▶ **INSTRUCTIONS TO FOLLOW**: Would you copy out the following entries exactly, without any of the pictures?

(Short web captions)
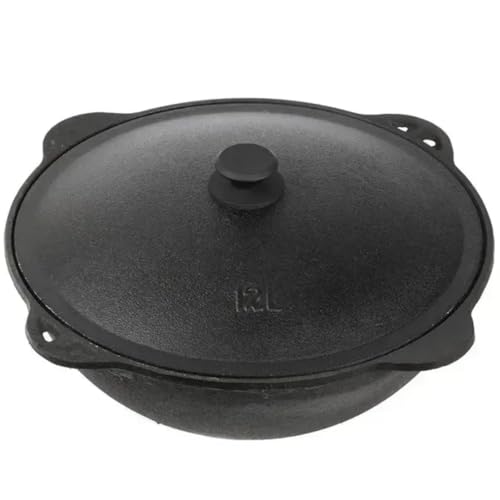 Dutch Oven Pot with Aluminum Lid 12 L (12.7 Quarts) - Camping Dutch Oven - Uzbek Kazan Cast Iron - Cast Iron Cookware Set...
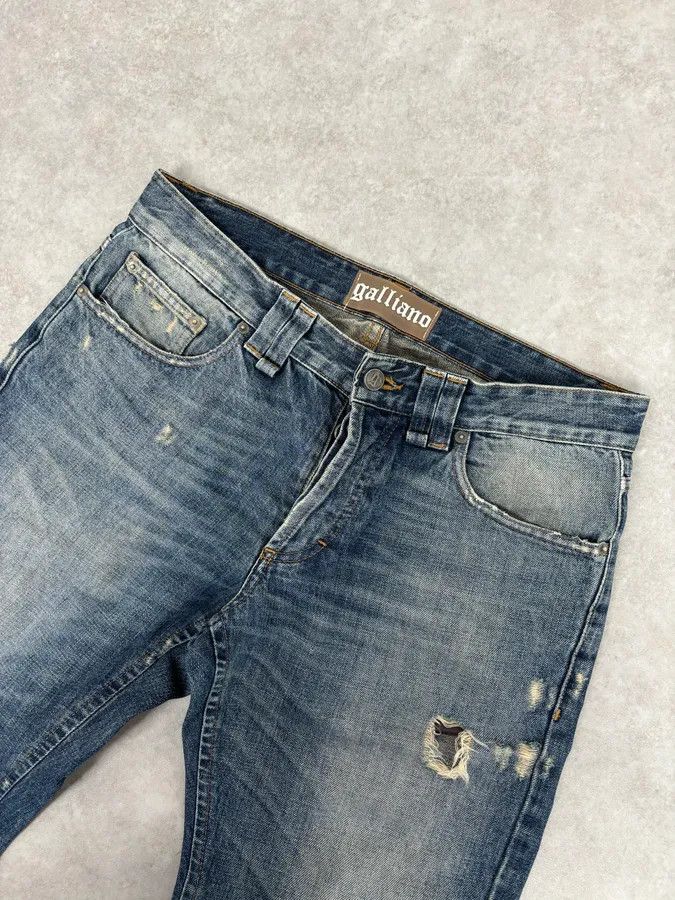 John Galliano AW2011 John Galliano Blue Distressed Denim Jeans Size US 31 - 6 Thumbnail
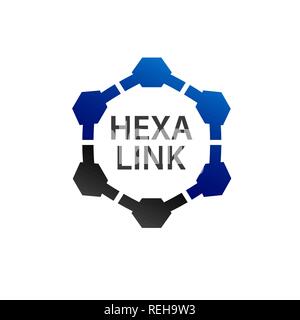 Hexagonal link logo concept design. Symbol graphic template element vector Stock Vector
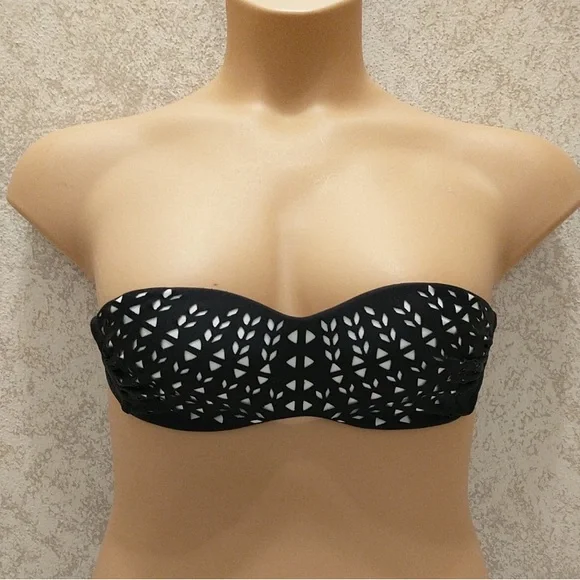 Cape Juby Black and White Laser Cut Bikini Top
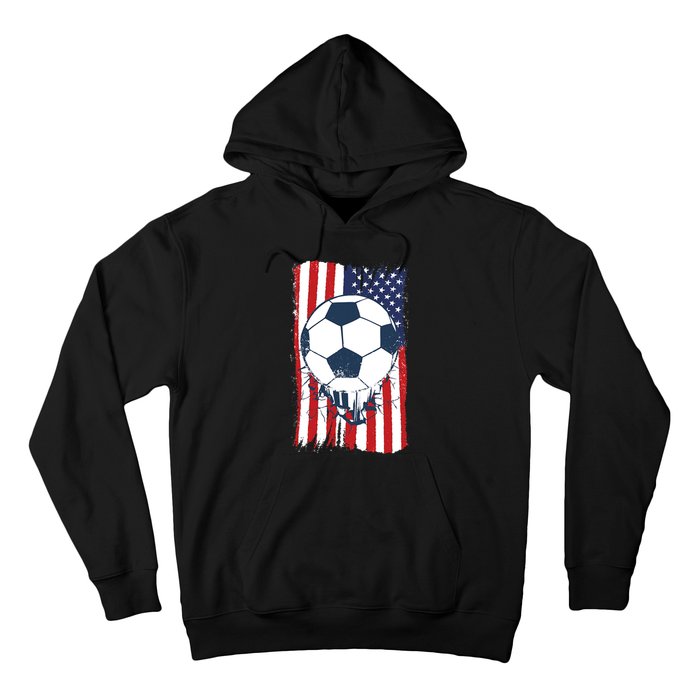 Soccer USA Flag Shirt, Soccer Ball Graphic Hoodie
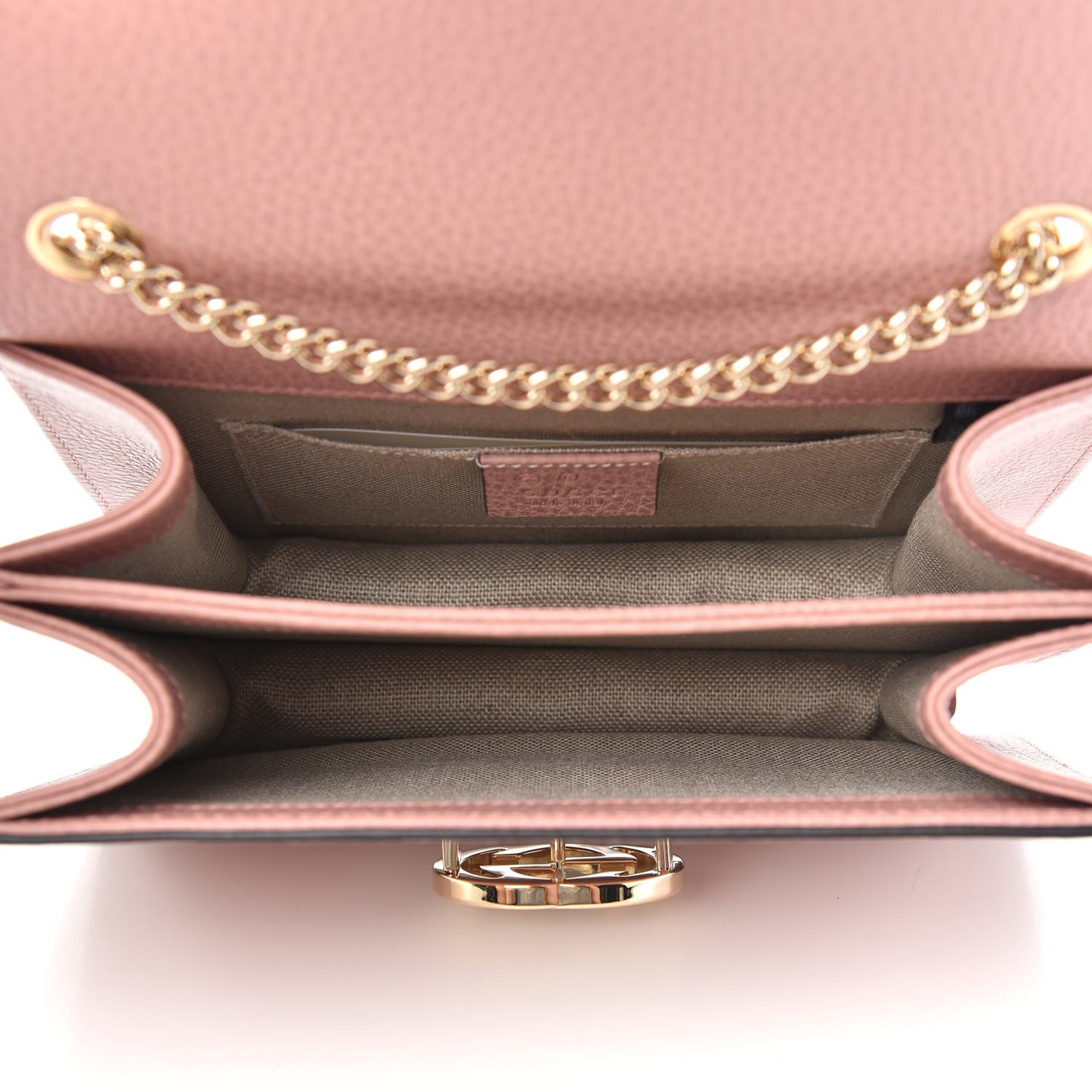 Dollar Calfskin Small Interlocking G Shoulder Bag Soft Pink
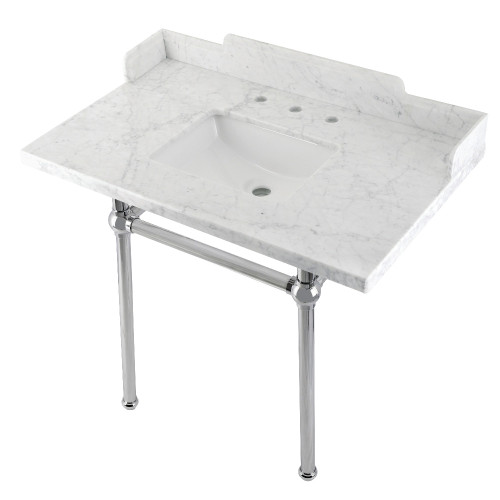 Kingston Brass LMS36MBSQ1 Pemberton 36" Carrara Marble Console Sink with Brass Legs, Marble White/Polished Chrome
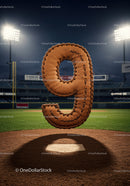Leather baseball glove shaped as number nine on field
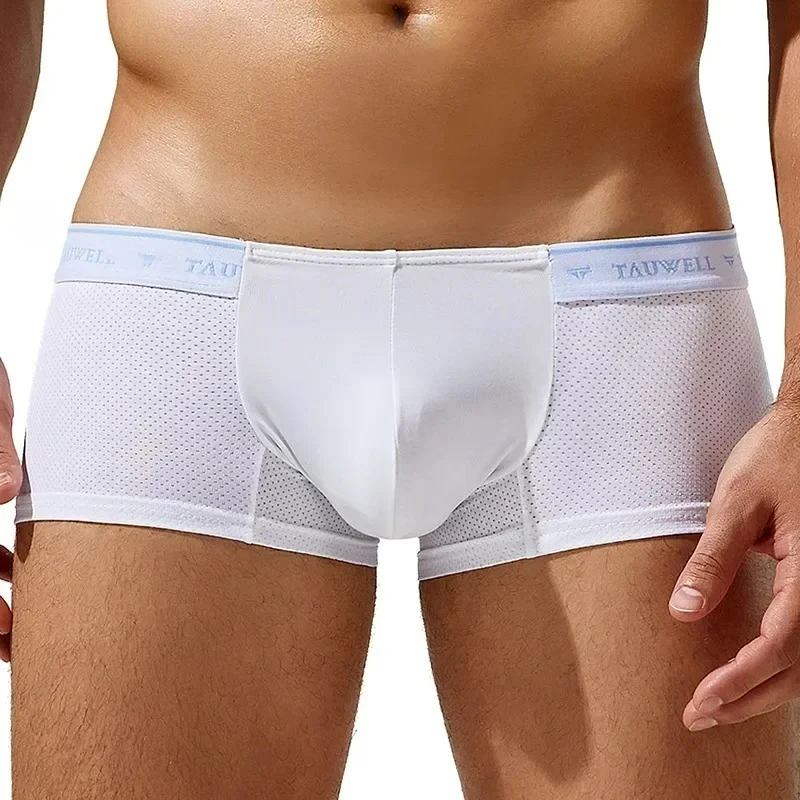 Men Boxy Underwear Ice Silk Mesh Breath Comfort High Elastic Cool Feel Sports Panties Youth Low-rise U Convex Pouch Boxer Shorts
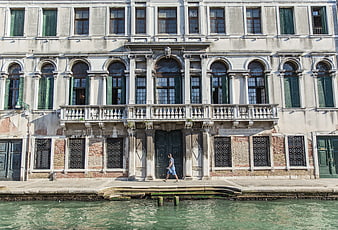 Historic Venetian Palace Facade by Canal
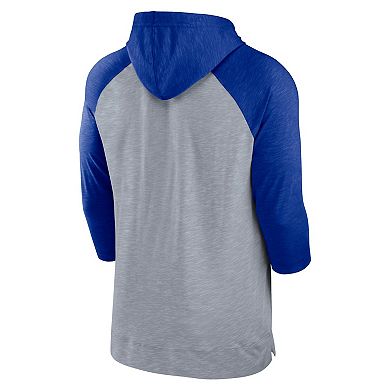 Men's Nike Heather Gray/Heather Royal Buffalo Bills Raglan 3/4-Sleeve Pullover Hoodie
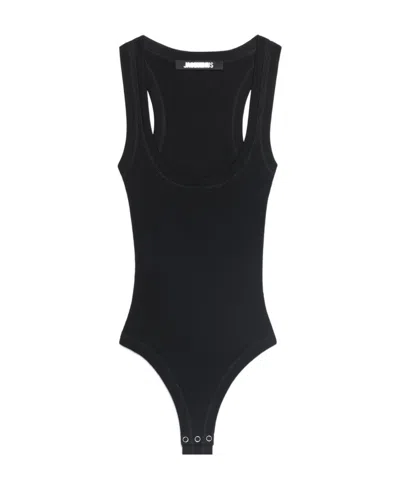 Jacquemus Ribbed Sleeveless Bodysuit In Black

▶ **EXERCISE ANSWER**:
 Dutch Oven Pot with Aluminum Lid 12 L (12.7 Quarts) - Camping Dutch Oven - Uzbek Kazan Cast Iron - Cast Iron Cookware Set...
 John Galliano AW2011 John Galliano Blue Distressed Denim Jeans Size US 31 - 6 Thumbnail
 Hexagonal link logo concept design. Symbol graphic template element vector Stock Vector
 Cape Juby Black and White Laser Cut Bikini Top
 Soccer USA Flag Shirt, Soccer Ball Graphic Hoodie
 Dollar Calfskin Small Interlocking G Shoulder Bag Soft Pink
 Kingston Brass LMS36MBSQ1 Pemberton 36" Carrara Marble Console Sink with Brass Legs, Marble White/Polished Chrome
Leather baseball glove shaped as number nine on field
 Men Boxy Underwear Ice Silk Mesh Breath Comfort High Elastic Cool Feel Sports Panties Youth Low-rise U Convex Pouch Boxer Shorts
 Historic Venetian Palace Facade by Canal
 Men's Nike Heather Gray/Heather Royal Buffalo Bills Raglan 3/4-Sleeve Pullover Hoodie
 Jacquemus Ribbed Sleeveless Bodysuit In Black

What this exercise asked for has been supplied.